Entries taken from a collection
• • •

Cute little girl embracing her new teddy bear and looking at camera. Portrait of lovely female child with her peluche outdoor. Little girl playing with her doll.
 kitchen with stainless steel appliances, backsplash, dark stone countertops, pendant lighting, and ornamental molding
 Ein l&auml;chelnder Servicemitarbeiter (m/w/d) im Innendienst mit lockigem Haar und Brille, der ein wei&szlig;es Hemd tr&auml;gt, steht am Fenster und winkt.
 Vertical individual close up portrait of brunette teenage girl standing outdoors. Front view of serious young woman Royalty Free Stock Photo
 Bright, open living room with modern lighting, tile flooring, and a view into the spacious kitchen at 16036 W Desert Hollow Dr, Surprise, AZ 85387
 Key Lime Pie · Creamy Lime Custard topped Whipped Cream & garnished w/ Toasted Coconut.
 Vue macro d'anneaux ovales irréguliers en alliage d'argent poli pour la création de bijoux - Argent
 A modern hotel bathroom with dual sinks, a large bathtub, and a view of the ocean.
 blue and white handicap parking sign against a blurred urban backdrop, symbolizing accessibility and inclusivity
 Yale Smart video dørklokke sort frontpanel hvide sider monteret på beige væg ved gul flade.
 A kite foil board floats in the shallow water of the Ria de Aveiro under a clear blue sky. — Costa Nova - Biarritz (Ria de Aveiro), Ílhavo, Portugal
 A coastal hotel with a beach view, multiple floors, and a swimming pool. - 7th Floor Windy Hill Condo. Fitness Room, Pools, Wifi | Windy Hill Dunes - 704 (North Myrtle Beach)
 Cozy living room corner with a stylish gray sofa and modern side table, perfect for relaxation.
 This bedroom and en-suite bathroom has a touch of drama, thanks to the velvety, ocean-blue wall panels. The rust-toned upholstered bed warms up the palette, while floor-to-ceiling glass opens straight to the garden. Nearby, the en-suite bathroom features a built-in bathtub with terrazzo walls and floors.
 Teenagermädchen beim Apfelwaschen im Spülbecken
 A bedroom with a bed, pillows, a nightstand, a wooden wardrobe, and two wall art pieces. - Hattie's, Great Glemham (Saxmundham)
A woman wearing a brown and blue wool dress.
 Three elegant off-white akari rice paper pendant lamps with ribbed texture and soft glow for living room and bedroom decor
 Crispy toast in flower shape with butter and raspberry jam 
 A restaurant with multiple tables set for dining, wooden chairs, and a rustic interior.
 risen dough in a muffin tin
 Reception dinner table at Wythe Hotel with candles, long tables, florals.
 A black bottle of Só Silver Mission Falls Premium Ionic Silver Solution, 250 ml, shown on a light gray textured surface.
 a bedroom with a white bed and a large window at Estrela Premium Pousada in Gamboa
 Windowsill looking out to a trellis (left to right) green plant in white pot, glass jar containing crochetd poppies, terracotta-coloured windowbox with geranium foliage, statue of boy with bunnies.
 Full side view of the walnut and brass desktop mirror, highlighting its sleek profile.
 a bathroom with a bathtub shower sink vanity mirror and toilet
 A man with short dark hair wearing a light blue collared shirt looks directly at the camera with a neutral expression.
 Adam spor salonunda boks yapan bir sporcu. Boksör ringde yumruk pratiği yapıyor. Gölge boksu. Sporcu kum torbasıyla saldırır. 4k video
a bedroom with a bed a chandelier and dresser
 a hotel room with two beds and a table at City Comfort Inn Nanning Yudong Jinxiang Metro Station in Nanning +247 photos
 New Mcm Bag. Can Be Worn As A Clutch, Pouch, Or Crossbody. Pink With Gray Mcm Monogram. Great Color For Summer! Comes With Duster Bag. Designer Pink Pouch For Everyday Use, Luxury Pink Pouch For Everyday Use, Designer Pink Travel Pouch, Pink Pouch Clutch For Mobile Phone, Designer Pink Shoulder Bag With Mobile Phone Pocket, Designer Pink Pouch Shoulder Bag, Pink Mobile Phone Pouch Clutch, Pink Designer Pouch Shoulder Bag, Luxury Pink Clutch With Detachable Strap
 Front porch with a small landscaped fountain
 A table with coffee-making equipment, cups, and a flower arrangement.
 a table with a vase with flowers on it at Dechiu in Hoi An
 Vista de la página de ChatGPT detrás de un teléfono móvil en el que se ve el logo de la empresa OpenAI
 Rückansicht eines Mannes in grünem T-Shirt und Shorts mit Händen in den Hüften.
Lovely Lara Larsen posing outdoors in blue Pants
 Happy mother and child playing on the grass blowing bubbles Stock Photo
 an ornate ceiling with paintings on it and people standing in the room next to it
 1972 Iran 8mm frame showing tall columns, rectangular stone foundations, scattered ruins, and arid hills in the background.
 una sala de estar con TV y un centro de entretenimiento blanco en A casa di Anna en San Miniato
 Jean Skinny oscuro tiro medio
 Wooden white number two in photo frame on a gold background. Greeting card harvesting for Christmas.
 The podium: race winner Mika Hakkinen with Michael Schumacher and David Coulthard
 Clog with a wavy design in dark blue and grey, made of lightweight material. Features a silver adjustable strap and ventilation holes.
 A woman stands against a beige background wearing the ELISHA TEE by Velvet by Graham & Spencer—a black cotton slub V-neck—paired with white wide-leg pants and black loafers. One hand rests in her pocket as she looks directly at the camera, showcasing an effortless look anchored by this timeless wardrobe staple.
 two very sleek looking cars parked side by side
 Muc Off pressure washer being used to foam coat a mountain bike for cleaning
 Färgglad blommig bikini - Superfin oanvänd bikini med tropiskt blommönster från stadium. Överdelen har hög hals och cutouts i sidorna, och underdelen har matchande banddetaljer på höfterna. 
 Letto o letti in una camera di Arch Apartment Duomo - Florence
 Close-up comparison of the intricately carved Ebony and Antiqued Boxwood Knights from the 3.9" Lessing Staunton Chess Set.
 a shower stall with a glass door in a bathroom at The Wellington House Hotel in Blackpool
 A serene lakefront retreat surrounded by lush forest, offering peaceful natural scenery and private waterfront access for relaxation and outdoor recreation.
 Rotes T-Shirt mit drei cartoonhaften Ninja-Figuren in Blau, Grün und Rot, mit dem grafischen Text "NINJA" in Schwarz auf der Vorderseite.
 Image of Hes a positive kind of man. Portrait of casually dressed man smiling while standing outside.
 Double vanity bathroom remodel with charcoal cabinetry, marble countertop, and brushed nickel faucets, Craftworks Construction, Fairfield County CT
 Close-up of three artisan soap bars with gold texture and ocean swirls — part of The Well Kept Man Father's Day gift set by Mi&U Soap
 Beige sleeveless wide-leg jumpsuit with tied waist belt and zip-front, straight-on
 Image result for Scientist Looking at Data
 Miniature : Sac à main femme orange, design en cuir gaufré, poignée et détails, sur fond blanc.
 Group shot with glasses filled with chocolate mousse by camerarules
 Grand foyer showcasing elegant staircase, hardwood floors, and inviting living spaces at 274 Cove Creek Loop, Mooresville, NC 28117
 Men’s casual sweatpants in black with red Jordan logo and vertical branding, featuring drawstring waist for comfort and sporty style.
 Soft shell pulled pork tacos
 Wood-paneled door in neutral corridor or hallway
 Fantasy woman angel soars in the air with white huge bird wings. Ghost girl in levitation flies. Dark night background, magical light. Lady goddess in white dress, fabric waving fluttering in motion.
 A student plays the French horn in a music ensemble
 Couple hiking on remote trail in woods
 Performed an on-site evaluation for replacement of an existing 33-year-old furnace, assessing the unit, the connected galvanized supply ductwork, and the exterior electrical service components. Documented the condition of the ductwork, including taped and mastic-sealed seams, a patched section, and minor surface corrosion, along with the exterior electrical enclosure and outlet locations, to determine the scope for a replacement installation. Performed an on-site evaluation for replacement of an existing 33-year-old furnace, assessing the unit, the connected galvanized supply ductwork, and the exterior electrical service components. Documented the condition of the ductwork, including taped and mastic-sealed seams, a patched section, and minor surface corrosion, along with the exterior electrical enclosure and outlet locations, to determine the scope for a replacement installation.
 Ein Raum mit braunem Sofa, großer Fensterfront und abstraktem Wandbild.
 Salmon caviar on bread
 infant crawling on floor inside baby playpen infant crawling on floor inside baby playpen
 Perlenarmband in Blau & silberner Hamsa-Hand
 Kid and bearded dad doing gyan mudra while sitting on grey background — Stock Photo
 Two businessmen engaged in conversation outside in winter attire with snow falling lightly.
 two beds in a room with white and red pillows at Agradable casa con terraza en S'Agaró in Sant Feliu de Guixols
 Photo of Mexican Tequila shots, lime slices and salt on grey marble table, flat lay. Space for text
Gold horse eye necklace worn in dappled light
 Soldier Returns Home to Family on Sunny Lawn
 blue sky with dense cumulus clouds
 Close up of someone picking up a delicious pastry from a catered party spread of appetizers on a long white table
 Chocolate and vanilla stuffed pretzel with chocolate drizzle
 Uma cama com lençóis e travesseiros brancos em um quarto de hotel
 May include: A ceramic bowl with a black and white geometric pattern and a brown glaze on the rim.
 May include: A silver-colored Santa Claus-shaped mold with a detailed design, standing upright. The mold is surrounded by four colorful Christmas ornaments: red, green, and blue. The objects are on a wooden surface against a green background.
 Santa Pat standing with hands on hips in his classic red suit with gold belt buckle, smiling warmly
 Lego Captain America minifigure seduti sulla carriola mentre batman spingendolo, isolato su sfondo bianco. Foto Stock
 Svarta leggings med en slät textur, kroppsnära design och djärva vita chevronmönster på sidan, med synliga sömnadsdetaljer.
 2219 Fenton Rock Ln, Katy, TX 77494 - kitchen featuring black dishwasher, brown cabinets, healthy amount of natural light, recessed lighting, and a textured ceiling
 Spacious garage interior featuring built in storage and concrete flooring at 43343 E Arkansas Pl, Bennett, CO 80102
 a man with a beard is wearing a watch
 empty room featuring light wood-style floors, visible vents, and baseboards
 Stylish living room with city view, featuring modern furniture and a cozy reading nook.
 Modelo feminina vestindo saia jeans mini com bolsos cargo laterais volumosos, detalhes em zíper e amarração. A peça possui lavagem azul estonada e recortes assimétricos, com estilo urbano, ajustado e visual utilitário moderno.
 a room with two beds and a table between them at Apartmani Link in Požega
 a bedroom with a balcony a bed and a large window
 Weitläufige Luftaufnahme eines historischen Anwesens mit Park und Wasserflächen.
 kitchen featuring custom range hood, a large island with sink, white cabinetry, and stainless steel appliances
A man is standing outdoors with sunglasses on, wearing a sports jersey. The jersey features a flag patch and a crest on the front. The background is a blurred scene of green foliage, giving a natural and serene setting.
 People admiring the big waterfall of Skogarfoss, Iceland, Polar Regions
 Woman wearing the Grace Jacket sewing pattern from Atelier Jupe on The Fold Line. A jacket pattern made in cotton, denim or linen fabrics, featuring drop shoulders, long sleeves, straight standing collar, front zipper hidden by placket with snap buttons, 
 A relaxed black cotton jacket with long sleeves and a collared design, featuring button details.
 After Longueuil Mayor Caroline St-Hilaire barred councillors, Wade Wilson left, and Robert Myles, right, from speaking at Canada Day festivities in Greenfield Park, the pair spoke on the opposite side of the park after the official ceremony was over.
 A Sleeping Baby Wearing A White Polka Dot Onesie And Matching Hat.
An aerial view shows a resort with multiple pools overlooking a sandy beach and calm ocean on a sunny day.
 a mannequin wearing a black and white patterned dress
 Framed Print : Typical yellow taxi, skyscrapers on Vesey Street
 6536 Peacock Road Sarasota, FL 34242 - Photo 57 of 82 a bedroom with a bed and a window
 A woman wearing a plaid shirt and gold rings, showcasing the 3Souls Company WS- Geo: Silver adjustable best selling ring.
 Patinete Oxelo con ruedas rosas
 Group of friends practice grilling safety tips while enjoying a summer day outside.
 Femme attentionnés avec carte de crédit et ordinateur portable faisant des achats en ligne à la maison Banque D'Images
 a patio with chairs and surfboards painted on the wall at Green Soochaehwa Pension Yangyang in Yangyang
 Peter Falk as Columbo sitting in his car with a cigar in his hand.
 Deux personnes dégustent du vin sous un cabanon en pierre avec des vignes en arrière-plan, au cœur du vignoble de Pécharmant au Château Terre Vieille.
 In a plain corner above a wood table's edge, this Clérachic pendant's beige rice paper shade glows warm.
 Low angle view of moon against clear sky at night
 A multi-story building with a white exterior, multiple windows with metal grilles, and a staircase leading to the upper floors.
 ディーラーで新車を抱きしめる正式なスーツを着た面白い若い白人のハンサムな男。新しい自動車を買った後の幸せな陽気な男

• • •

§ PROBLEM
Quote exactly the stretch of lines above that starts at the first one and ends at the line with "kitchen with stainless", and nothing beyond it.

§ ANSWER
Cute little girl embracing her new teddy bear and looking at camera. Portrait of lovely female child with her peluche outdoor. Little girl playing with her doll.
 kitchen with stainless steel appliances, backsplash, dark stone countertops, pendant lighting, and ornamental molding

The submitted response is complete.